Pieces of memory: Alice LaPlante’s Turn of Mind


You (my one reader) have carped.

You claim that I’m giving you too many dark and unsettling book recommendations. Too much old age (Emily Alone), too much bigamy (Silver Sparrow) and romantic regret (Say Her Name.).

Well, here’s another dark one, but maybe you should read something uplifting and zany before making your descent into Alice LaPlante’s Turn of Mind, a novel written from the perspective of a former surgeon, long retired and speaking through the clouds of advanced Alzheimer’s.

This is a story about an aging woman’s “half state” existence, and her “life in the shadows.” Does this sound like a bummer to you? All I know is that I’m hooked.

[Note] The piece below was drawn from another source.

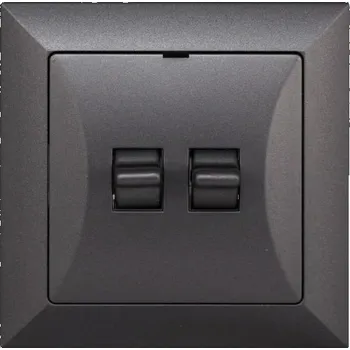 Stavebniny Timex Vypínač RETRO č.5 grafit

I just started reading Turn of Mind this week; that’s why I had to (politely) shush someone in the audience at the Capitola Book Cafe, where LaPlante read on Thursday evening; I feared she was about to spoil the ending. Don’t look for chapters here; LaPlante wrote this book in short blocks of prose with ominous white spaces between them; it’s like looking at rocks through a fog. LaPlante’s reading was unsettling; you get a strong sense of disorientation and unfamiliar faces. You sense the former doctor casting her clinical eye on details she never noticed before; she’s held onto her analytical powers, even as her mind erases its own memory cues. The doctor must delve into her surviving memories, and her notebooks, to help her understand why people react to her so strangely. “I bitterly accept that I’m famous, beloved even, among strangers,” she says, “a legend in my own mind.”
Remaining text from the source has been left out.